Welcome to the barber shop, where the NBA GOAT conversation never ends.

LeBron James’ fourth NBA championship and NBA Finals MVP did nothing but fuel the debate: James or Michael Jordan as the greatest of all time in basketball?

It’s more of a matter of personal preference for criteria, style and era.

Do you appreciate that James has gone from Sports Illustrated cover to NBA bubble with 17 years of consistent stardom that keeps him atop the NBA at 35? Or do you value the peaks of Jordan with an unblemished NBA Finals record (6-0) by virtue of a persona and performance that ascended above the clouds?

James has been chasing a GOAT ghost, unable to escape his missteps of “The Decision” debacle and his 2011 NBA Finals egg. He has left teams for greener pastures and formed megateams. Jordan gets points for staying with one crew for nearly all of his career and leaves fans wondering if a “four-peat” was inevitable before his first retirement.

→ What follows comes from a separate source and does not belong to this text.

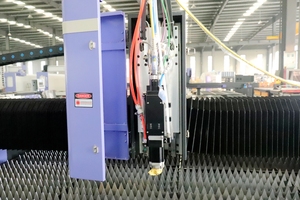 6kW 12kW Faserlaser-Schneidemaschine mit Fortschrittlicher Technologie 6020 CNC-Laserschneidgerät für Metall 6000W - Product Image 5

The new-world scrutiny is at another level for James, but he doesn’t dodge social and political stances like Jordan.

Jordan’s fame lives on with shoes, “The Last Dance” and transcendent game-winning postseason shots. James has more game-winning postseason shots, but the numbers game can foil any argument. James has played in 81 more postseason games (and counting) than Jordan, who played in an era that had shorter series.

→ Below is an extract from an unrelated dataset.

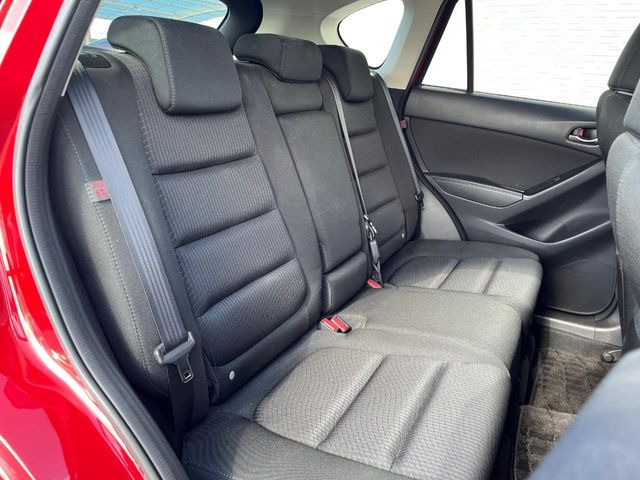 広々とした2列目シートは居住性が高く、居心地も快適!友達や家族とのお出かけにぴったりです。ベビーシートやチャイルドシート使用時も快適にお過ごしいただける十分な空間を確保しています。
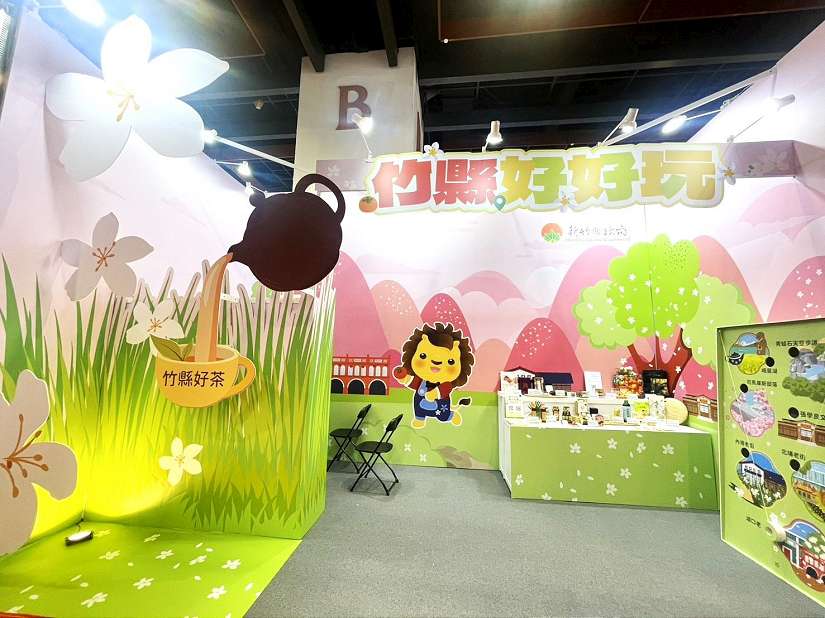 巨型桐花現身台北旅展 「竹縣好好玩」邀您吃喝玩樂搶限量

Metrics prefer Jordan’s efficiency. Raw numbers prefer James’ volume and versatility.

The comparisons are impossible amid different styles, levels and rules. And they are futile. The choice for GOAT will always come from a gut feeling and an eye test to those who saw both.

There is only one way to settle this. But that’ll have to wait until next summer, when “Space Jam 2” can be put up against the original.